José Milhazes, que durante muitos anos foi o jornalista do PÚBLICO em Moscovo, fazia parte dessa rede de correspondentes espalhada pelo mundo de que fala João Carlos Silva. “Conheci o Santos Pereira em 1989 quando foi cobrir as eleições para o Congresso dos Deputados do Povo da URSS, as primeiras livres no país.” O repórter convidou-o para escrever no PÚBLICO e iniciaram uma amizade nunca abalada pelas várias discussões e divergências que tiveram ao longo dos anos. “Ele tinha tanto de genial como de louco, no bom sentido”, diz Milhazes.

Era, além disso, “um picuinhas”, com uma enorme preocupação em confirmar todas as informações. “Era muito curioso, sempre à procura de entrevistas e contactos, marcava dez entrevistas para um dia e depois não conseguia fazer metade”, continua o antigo correspondente em Moscovo, onde viveram juntos várias aventuras. “Trabalhava que nem um animal, não havia horas para descansar”. E tinha outra característica, nem sempre fácil de gerir na Rússia: “Não gostava de almôndegas nem de carne picada”.

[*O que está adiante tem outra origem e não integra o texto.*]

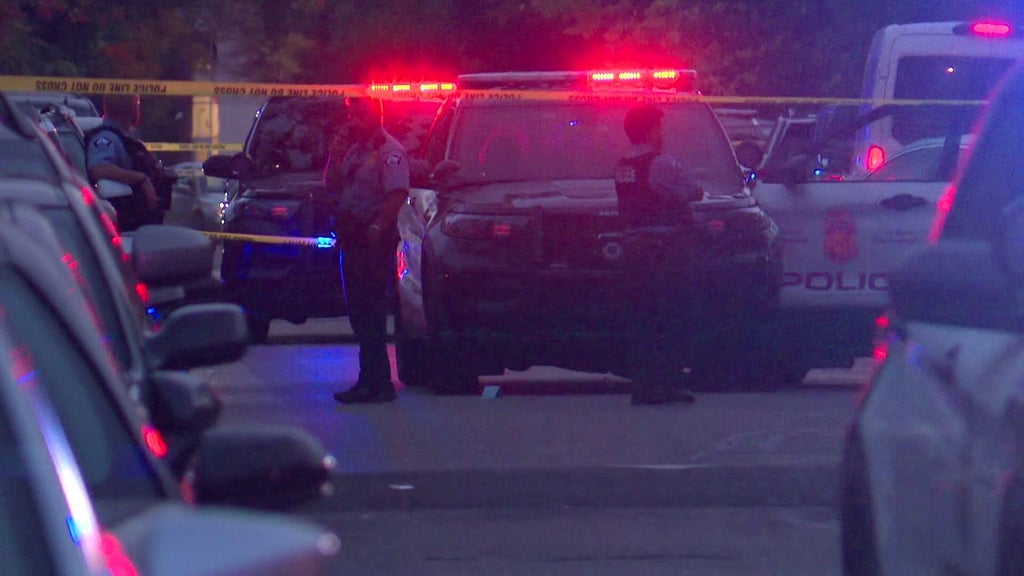 Officer fires gun after armed carjacking, squad car hit by stolen car — WCCO / CBS Minnesota, Excelsior Health news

Depois de sair do PÚBLICO, ainda na década de 90, trabalhou para a RTP, para o Diário de Notícias e a TSF, foi comentador de política internacional e deu aulas no Instituto Politécnico de Tomar. Ainda antes da notícia da morte, o município de Ourém tinha previsto para o dia 20 de Junho uma homenagem a Carlos Santos Pereira com a atribuição de uma medalha de mérito municipal. Mas a maior homenagem será, diz José Peixe, a publicação dos dois livros que deixou quase prontos. Os amigos prometem empenhar-se para que esse sonho se cumpra.

O funeral realiza-se quarta-feira, dia 26, em Lagoa do Furadouro, Ourém, às 16h30.